Some significant dates and developments

We know almost nothing about the actual playing characteristics of European flutes from before 1500. There are a number of written references to, and depictions of, transverse flutes in the 14th century, but little mention of of them in the 15th. No instruments from these periods are known to survive.

Tenor renaissance flute, after instruments in Brussles,
by Plilippe Allain-Dupre

We find the first written descriptions of how to play flutes from the 16th century. And there are a number of surviving instruments from that period that can be studied, perhaps played to some extent, and measured and copied.

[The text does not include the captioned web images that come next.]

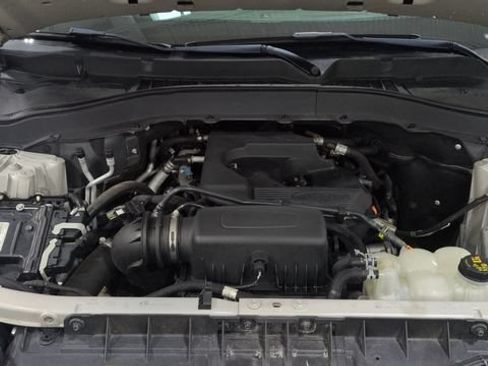 Used 2020 Ford Explorer XLT w/ Equipment Group 202A AWD/4WD image 28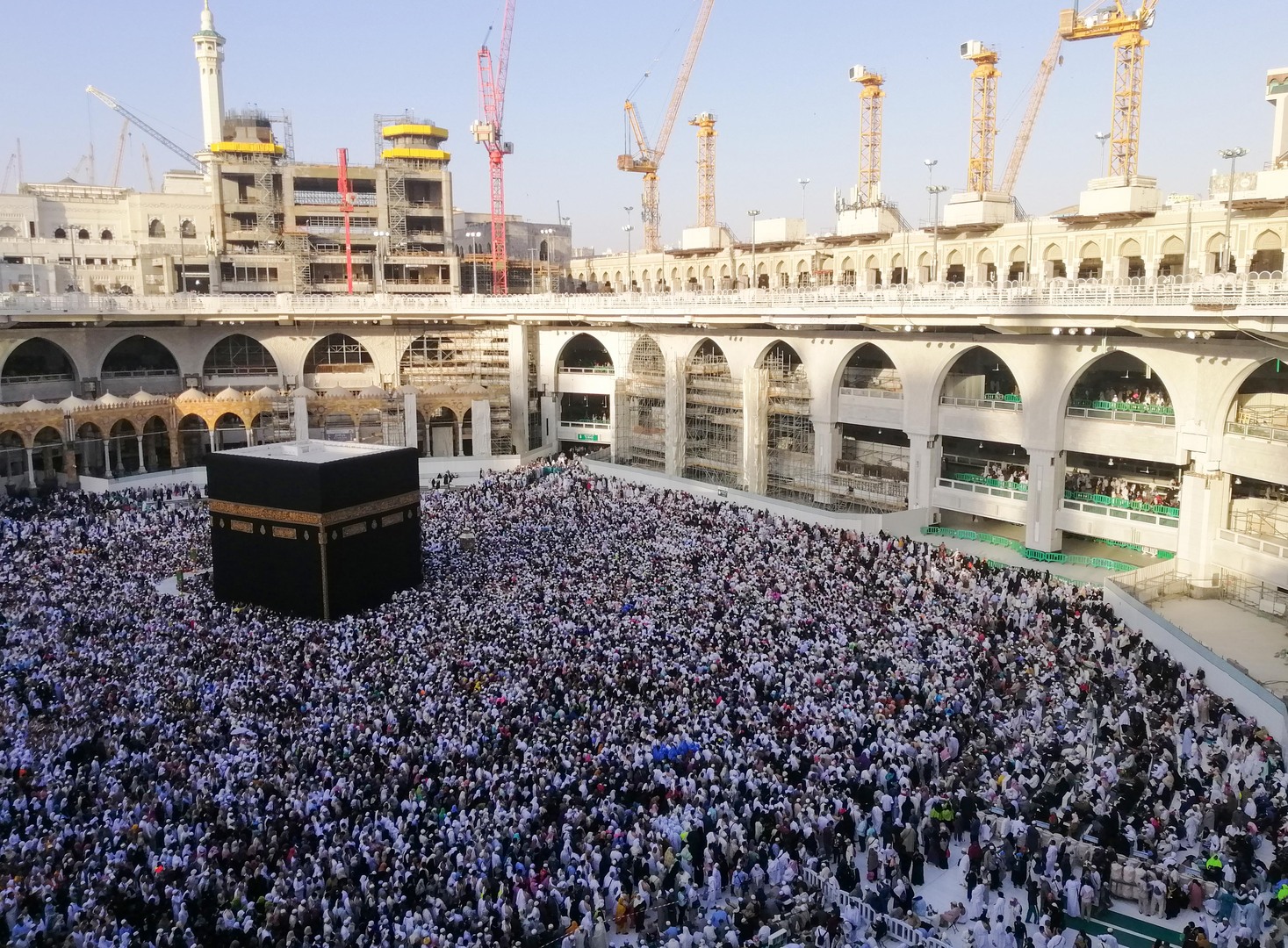الخارجية السعودية تدين إطلاق الحوثيين مسيرة باتجاه مكة المكرمة وتعتبره استفزازا لمشاعر المسلمين
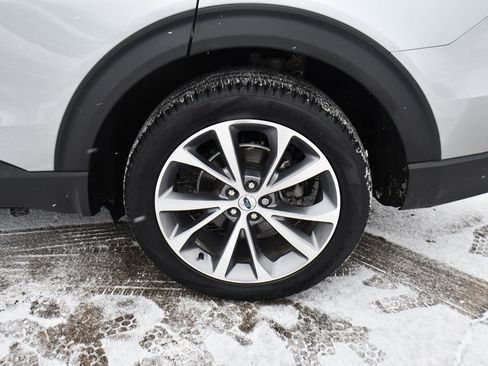 Used 2025 Ford Explorer Platinum w/ Ultimate Package image 24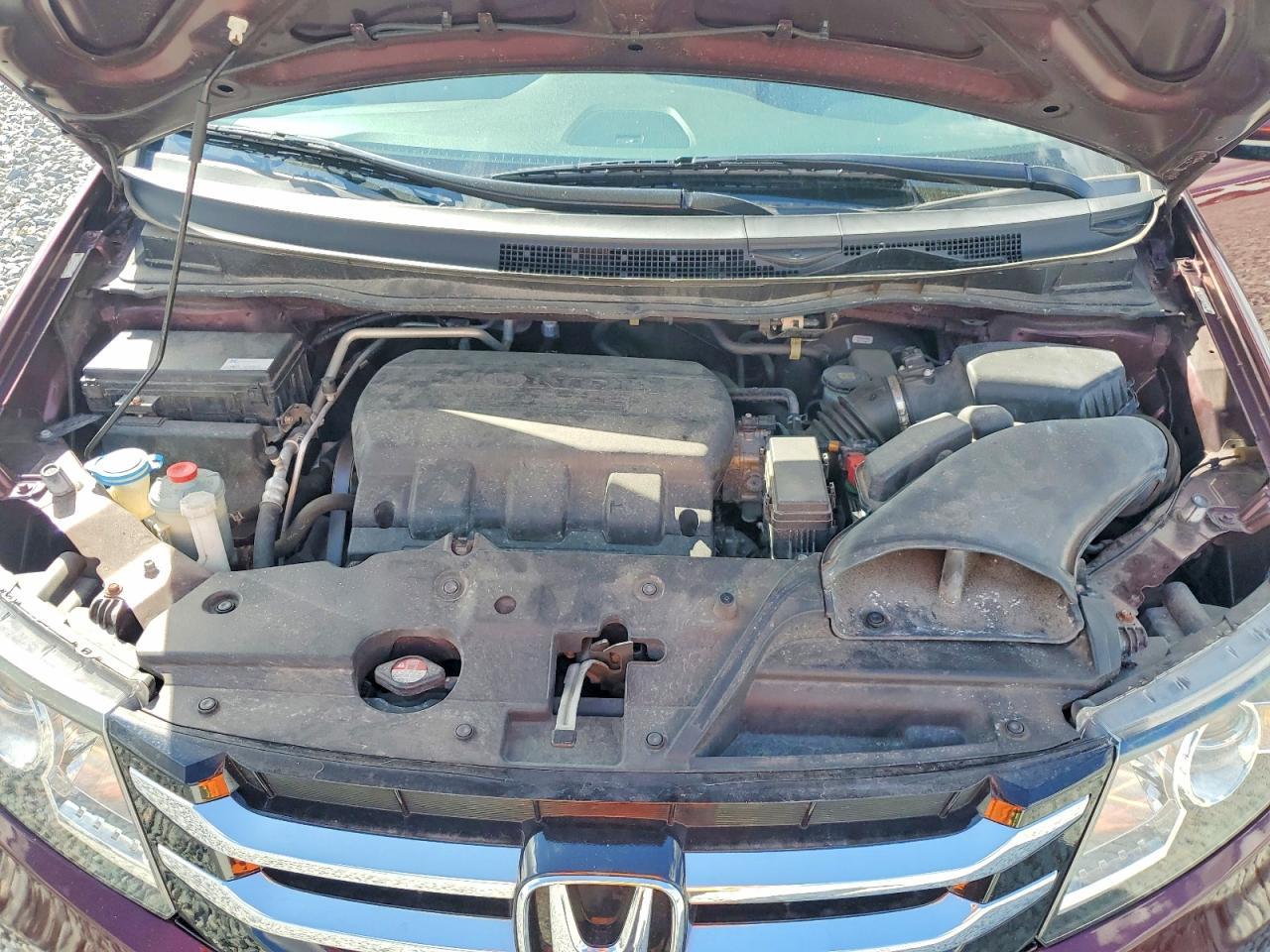 2015 Honda Odyssey Touring - zdjęcie 12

The renaissance flute, the type of instrument used in Europe from roughly 1500 to 1650 or so, can be admired for its sophisticated capabilities within a simple and basic form. The instrument has a narrow cylindrical bore with only an embouchure (mouth hole) and six small tone holes. It uses a somewhat different fingering system than that found on other six-hole flutes, which might otherwise appear to be similar. See Renaissance flutes.

One does not hear much about the transverse flute in the 17th century until near the end.

One-key flute after Hotteterre by Roderick Cameron
One-key flute stamped 'LOTZ', mid-18th century

The flute was dramatically remodeled in the late 17th century to make it more suitable for playing the type of music that violins were playing. The new flute had a conical bore and one key for the little finger of the right hand. It was very different from the renaissance flute; as different, say, as the Boehm flute was from the simple system instruments of its time. See Baroque flutes.

While the one-key flute continued to be used throughout the late 18th and entire 19th century, makers began to add keys to some models, at first in England. The keys elimated the need for "forked fingerings" and made the flute more even. Changes in the bore (whether keys were used or not) produced brighter sounding flutes (particularly in Germany) and flutes with easier high notes (particularly in France), while bore changes plus larger tone holes and the use of keys produced louder flutes (particularly in England). These changes were evolutionary rather than dramatic or revolutionary. See Classical flutes.

The 19th century was a time of great differences in national styles. See 19C keyed flutes, III.

Theobald Boehm's first commercial model had "scientifically placed" holes, as well as a revolutionary new mechanism and fingering system. But it retained the conical bore and some of the sound of the ordinary flute. A huge change occured later when Boehm applied his mechanism to a cyclindrical tube with larger holes. See The Boehm flute in the 19th century. A number of professional players took up the Boehm flute in France, and the Boehm or another "modern flute" in England. But the Boehm flute was not common or popular for many years in Germany and other parts of Europe.

Experiments with the design of flutes and other instruments have always taken place, but these grew exponentially in the 19th century. There were numerous experiments before Boehm, and many more after his work. The primary goals of almost all of the innovators were flutes that were louder and more even in tone; facility was also of great importance.

Radcliff system flute by Rudall Carte, London, 1927

The French took to the Boehm flute relatively early. The Germans mostly ignored it for several decades. The English were impressed with the sound but some disliked the fingering and used Boehm-influenced flutes incorporating some of the old fingering. See The Boehm flute in the 19th century. Many of the English "modern flutes" and "hybrid" systems are very clever and allow great facilty. They eventually lost out to the Boehm flute in part because of the complexity of their mechanism, not because of their sound. See English modified simple system, "hybrid", and "modern" flutes.

Some 19th century German players and conductors did not like the sound of the Boehm flute; they prefered the character and tonal flexibility of the conical bore (and many players did not want to change fingering). Late in the 19th century, highly mechanized conical models were introduced that were louder and more even, in order to compete with the Boehm flute. See Further development of the simple system; Reform flutes.